# Requirement
Write out the full listing exactly as it appears below.

════════

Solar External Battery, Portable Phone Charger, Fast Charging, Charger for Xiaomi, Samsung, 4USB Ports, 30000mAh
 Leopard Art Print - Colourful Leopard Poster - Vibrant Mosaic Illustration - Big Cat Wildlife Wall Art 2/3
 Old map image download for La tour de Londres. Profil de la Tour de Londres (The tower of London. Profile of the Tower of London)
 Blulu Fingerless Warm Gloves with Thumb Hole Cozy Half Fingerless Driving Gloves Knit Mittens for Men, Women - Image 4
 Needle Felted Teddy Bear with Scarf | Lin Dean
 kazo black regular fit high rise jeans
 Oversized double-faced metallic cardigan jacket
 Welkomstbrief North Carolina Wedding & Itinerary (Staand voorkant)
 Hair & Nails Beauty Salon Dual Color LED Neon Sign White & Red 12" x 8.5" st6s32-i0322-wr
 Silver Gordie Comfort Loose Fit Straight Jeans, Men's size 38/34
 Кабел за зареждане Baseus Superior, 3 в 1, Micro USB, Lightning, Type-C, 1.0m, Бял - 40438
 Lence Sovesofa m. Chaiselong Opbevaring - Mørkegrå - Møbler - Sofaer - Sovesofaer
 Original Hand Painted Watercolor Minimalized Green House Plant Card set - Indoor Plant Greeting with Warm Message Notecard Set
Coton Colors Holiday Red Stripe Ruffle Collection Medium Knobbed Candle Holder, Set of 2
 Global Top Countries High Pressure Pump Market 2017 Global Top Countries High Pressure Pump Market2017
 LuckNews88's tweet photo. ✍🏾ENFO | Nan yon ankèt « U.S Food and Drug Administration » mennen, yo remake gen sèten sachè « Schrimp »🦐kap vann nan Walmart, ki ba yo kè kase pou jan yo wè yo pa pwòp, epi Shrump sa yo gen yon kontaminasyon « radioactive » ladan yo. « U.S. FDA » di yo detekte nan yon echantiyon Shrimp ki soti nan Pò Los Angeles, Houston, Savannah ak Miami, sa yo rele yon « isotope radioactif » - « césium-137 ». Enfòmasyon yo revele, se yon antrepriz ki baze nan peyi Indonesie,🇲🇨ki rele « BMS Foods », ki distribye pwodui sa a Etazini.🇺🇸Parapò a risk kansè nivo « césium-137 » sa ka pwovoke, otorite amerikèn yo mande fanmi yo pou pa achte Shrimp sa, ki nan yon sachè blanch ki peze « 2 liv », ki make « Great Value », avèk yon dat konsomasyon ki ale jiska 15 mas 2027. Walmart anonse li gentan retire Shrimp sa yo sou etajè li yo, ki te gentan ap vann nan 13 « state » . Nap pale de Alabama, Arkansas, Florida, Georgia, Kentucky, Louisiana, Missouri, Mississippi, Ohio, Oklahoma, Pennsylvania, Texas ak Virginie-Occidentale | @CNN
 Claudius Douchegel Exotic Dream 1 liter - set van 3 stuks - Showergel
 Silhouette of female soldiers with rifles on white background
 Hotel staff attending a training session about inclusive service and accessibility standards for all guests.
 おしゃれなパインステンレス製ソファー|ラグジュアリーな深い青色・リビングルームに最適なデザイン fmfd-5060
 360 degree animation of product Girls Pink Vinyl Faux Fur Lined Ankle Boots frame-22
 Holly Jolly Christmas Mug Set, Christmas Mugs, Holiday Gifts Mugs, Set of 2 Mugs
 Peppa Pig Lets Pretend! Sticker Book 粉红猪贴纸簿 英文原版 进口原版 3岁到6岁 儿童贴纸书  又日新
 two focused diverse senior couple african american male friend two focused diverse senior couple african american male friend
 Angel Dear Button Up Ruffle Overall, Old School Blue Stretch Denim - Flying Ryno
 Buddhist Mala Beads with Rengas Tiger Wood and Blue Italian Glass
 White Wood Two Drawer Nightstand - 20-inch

════════

# Output for this task
Solar External Battery, Portable Phone Charger, Fast Charging, Charger for Xiaomi, Samsung, 4USB Ports, 30000mAh
 Leopard Art Print - Colourful Leopard Poster - Vibrant Mosaic Illustration - Big Cat Wildlife Wall Art 2/3
 Old map image download for La tour de Londres. Profil de la Tour de Londres (The tower of London. Profile of the Tower of London)
 Blulu Fingerless Warm Gloves with Thumb Hole Cozy Half Fingerless Driving Gloves Knit Mittens for Men, Women - Image 4
 Needle Felted Teddy Bear with Scarf | Lin Dean
 kazo black regular fit high rise jeans
 Oversized double-faced metallic cardigan jacket
 Welkomstbrief North Carolina Wedding & Itinerary (Staand voorkant)
 Hair & Nails Beauty Salon Dual Color LED Neon Sign White & Red 12" x 8.5" st6s32-i0322-wr
 Silver Gordie Comfort Loose Fit Straight Jeans, Men's size 38/34
 Кабел за зареждане Baseus Superior, 3 в 1, Micro USB, Lightning, Type-C, 1.0m, Бял - 40438
 Lence Sovesofa m. Chaiselong Opbevaring - Mørkegrå - Møbler - Sofaer - Sovesofaer
 Original Hand Painted Watercolor Minimalized Green House Plant Card set - Indoor Plant Greeting with Warm Message Notecard Set
Coton Colors Holiday Red Stripe Ruffle Collection Medium Knobbed Candle Holder, Set of 2
 Global Top Countries High Pressure Pump Market 2017 Global Top Countries High Pressure Pump Market2017
 LuckNews88's tweet photo. ✍🏾ENFO | Nan yon ankèt « U.S Food and Drug Administration » mennen, yo remake gen sèten sachè « Schrimp »🦐kap vann nan Walmart, ki ba yo kè kase pou jan yo wè yo pa pwòp, epi Shrump sa yo gen yon kontaminasyon « radioactive » ladan yo. « U.S. FDA » di yo detekte nan yon echantiyon Shrimp ki soti nan Pò Los Angeles, Houston, Savannah ak Miami, sa yo rele yon « isotope radioactif » - « césium-137 ». Enfòmasyon yo revele, se yon antrepriz ki baze nan peyi Indonesie,🇲🇨ki rele « BMS Foods », ki distribye pwodui sa a Etazini.🇺🇸Parapò a risk kansè nivo « césium-137 » sa ka pwovoke, otorite amerikèn yo mande fanmi yo pou pa achte Shrimp sa, ki nan yon sachè blanch ki peze « 2 liv », ki make « Great Value », avèk yon dat konsomasyon ki ale jiska 15 mas 2027. Walmart anonse li gentan retire Shrimp sa yo sou etajè li yo, ki te gentan ap vann nan 13 « state » . Nap pale de Alabama, Arkansas, Florida, Georgia, Kentucky, Louisiana, Missouri, Mississippi, Ohio, Oklahoma, Pennsylvania, Texas ak Virginie-Occidentale | @CNN
 Claudius Douchegel Exotic Dream 1 liter - set van 3 stuks - Showergel
 Silhouette of female soldiers with rifles on white background
 Hotel staff attending a training session about inclusive service and accessibility standards for all guests.
 おしゃれなパインステンレス製ソファー|ラグジュアリーな深い青色・リビングルームに最適なデザイン fmfd-5060
 360 degree animation of product Girls Pink Vinyl Faux Fur Lined Ankle Boots frame-22
 Holly Jolly Christmas Mug Set, Christmas Mugs, Holiday Gifts Mugs, Set of 2 Mugs
 Peppa Pig Lets Pretend! Sticker Book 粉红猪贴纸簿 英文原版 进口原版 3岁到6岁 儿童贴纸书  又日新
 two focused diverse senior couple african american male friend two focused diverse senior couple african american male friend
 Angel Dear Button Up Ruffle Overall, Old School Blue Stretch Denim - Flying Ryno
 Buddhist Mala Beads with Rengas Tiger Wood and Blue Italian Glass
 White Wood Two Drawer Nightstand - 20-inch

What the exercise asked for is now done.